* **EXERCISE DATA**:
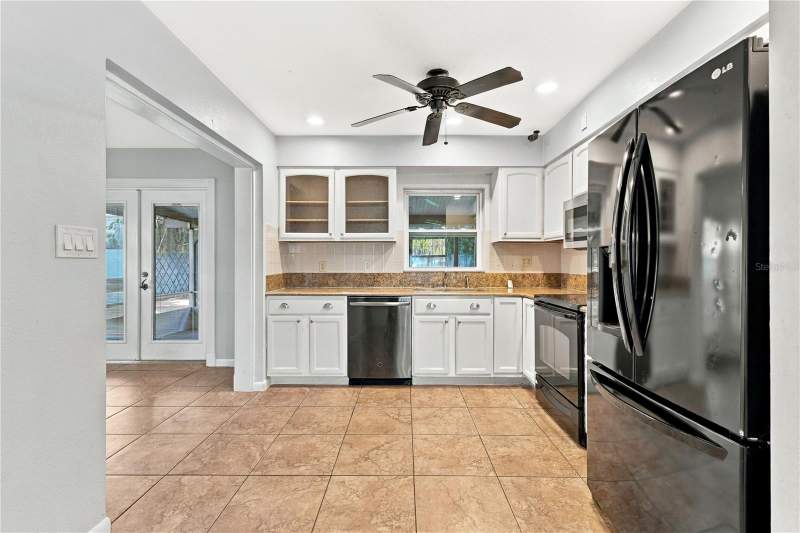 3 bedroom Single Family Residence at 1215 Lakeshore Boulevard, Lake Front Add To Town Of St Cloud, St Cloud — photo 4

--

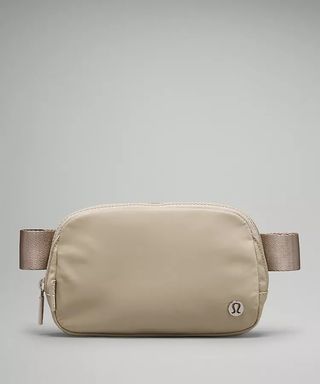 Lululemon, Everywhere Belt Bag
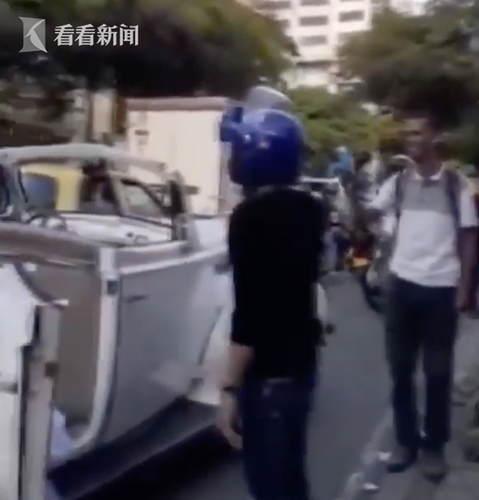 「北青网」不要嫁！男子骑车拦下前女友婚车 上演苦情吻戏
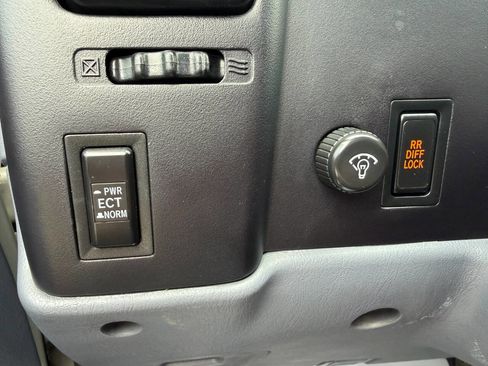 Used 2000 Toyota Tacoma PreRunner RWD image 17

* **WORK INSTRUCTIONS**: In the records above, everything from the line with "Lululemon, Everywhere Belt Bag" down to the line with "Used 2000 Toyota" must be duplicated exactly, both lines kept. Leave no pictures in.

* **EXERCISE ANSWER**:
 Lululemon, Everywhere Belt Bag
 「北青网」不要嫁！男子骑车拦下前女友婚车 上演苦情吻戏
 Used 2000 Toyota Tacoma PreRunner RWD image 17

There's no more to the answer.